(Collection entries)
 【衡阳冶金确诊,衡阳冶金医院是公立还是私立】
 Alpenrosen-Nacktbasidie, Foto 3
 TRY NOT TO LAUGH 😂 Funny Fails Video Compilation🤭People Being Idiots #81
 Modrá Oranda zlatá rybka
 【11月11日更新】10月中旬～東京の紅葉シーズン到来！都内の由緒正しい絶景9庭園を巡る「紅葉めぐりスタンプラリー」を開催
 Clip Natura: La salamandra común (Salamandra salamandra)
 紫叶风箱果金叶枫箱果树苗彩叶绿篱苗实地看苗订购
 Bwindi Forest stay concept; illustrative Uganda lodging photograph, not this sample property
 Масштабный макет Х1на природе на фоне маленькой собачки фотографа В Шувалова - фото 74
* * *
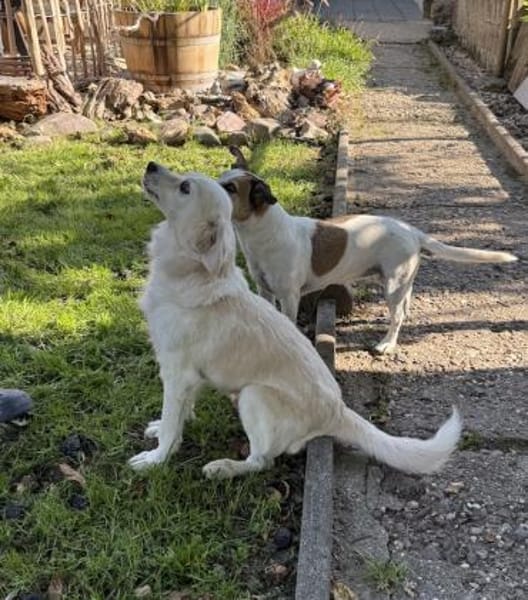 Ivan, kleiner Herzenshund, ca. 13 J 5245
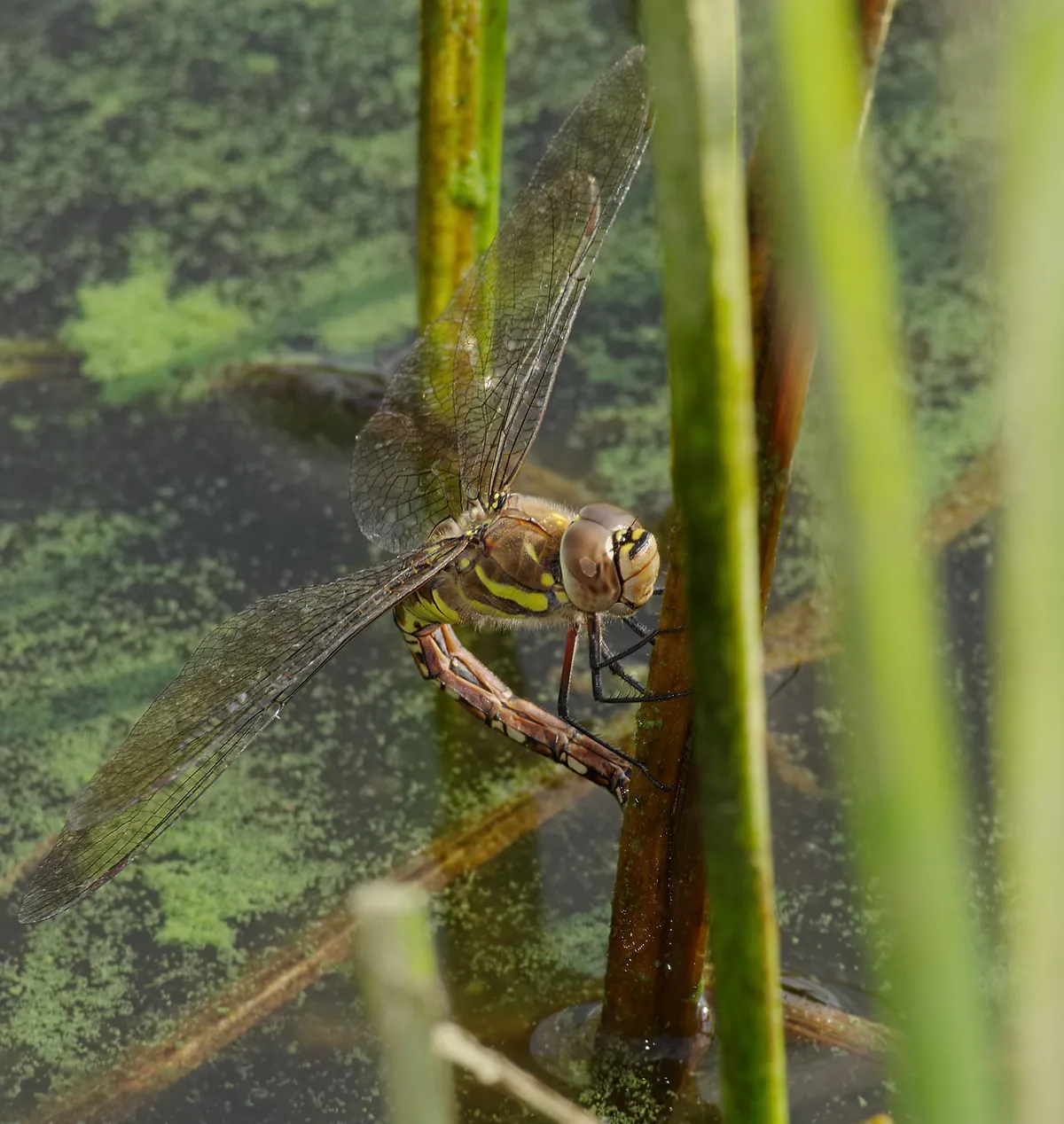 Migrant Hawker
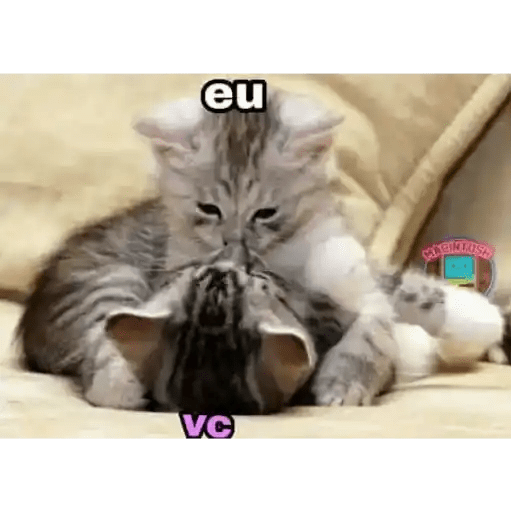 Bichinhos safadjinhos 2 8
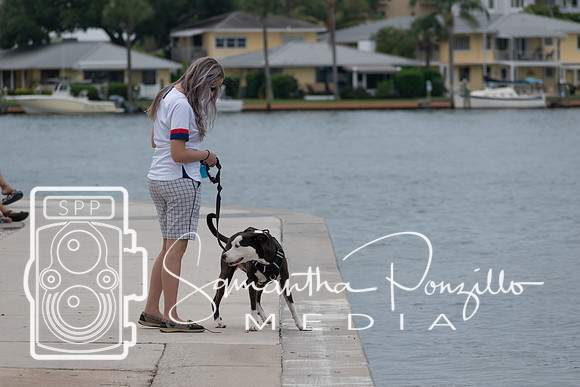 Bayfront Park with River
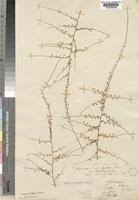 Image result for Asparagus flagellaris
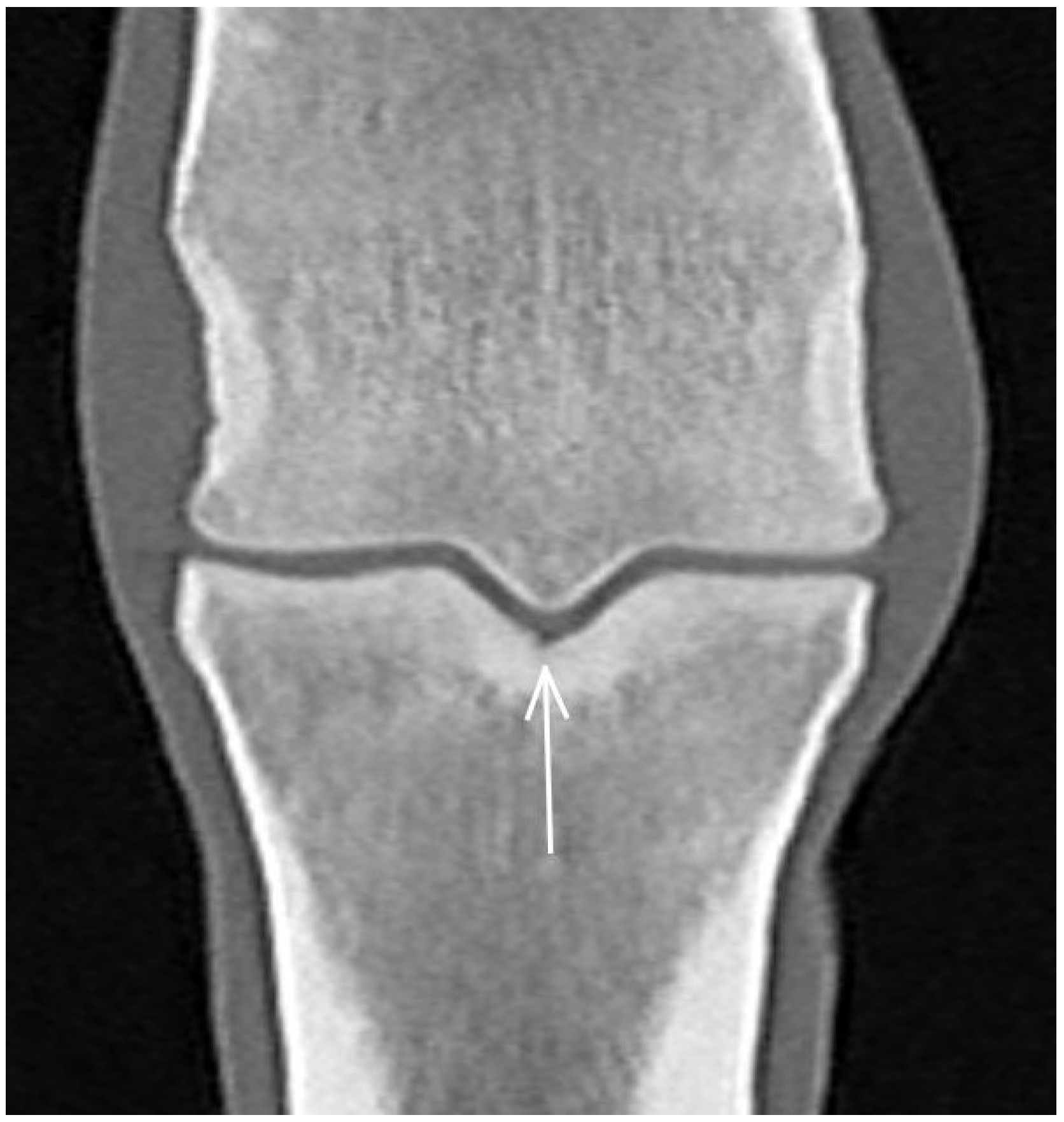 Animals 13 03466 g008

[Problem statement]:
Set down exactly the lines of the data above, beginning with the line that has "Alpenrosen-Nacktbasidie, Foto 3" and ending with the line that has "Масштабный макет Х1на", and no others.

[Completed exercise]:
 Alpenrosen-Nacktbasidie, Foto 3
 TRY NOT TO LAUGH 😂 Funny Fails Video Compilation🤭People Being Idiots #81
 Modrá Oranda zlatá rybka
 【11月11日更新】10月中旬～東京の紅葉シーズン到来！都内の由緒正しい絶景9庭園を巡る「紅葉めぐりスタンプラリー」を開催
 Clip Natura: La salamandra común (Salamandra salamandra)
 紫叶风箱果金叶枫箱果树苗彩叶绿篱苗实地看苗订购
 Bwindi Forest stay concept; illustrative Uganda lodging photograph, not this sample property
 Масштабный макет Х1на природе на фоне маленькой собачки фотографа В Шувалова - фото 74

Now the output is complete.